The Media wars that have been affecting Spanish League football this season intensified last night over the broadcasting rights for the Real Madrid - Betis match. Two rival media companies: Sogecable and Mediapro are currently in dispute over who has the right to show certain matches. Sogecable maintains that that Mediapro must first accept a contract on joint football rights signed by the two groups in 2006 and pay Sogecable a pending fine of around 70 million euros. Once Mediapro accepts these conditions, Sogecable said it will renew the broadcast of a television signal for the producer's use. Mediapro claims that the contract is no longer valid and denies that it owes Sogecable any fees. The latest salvo in this war ended up with the game being shown on Sogecable's pay per view channel, rather than on a free-to-air channel.
Real Madrid is caught in the middle of this dispute because it signed a deal with Mediapro last November for all its broadcasting rights until the 2012-2013 season. However, it has a still-current contract with Sogecable until the end of this season and is therefore legally bound to abide by its decisions on how matches are broadcast. To this effect, the club issued a communiqué yesterday deploring the current dispute, announcing that it had allowed both sets of TV cameras into the stadium in expectation of an agreement being reached and claiming that it had no choice but to comply with their contractual obligations to Sogecable.

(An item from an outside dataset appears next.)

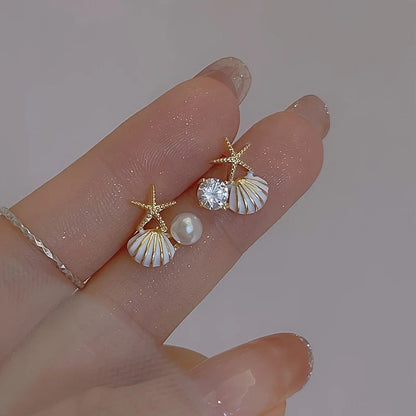 Waterproof Designer Starfish and Shell Earrings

The plot thickens because this match had been billed as the one free-to-air game that Spaniards have guaranteed by law (21/1997, if you must know) per round of the league. As the game was broadcast on PPV, this meant that no game was broadcast for free and the law has been broken. Real Madrid are probably unlikely to face any legal proceedings as they allowed both sets of cameras onto the stadium and it was Sogecable's insistence that they had the rights to the game that prevented it from being broadcast by Mediapro on their La Sexta channel. Sogecable's argument is likely to centre aruond the fact that they proposed other games for the free-to-air slot and it was Mediapro's intransigence that meant no games were broadcast. It's getting uglier by the day and will likely end up in the courts, as the stakes are very high for both sides.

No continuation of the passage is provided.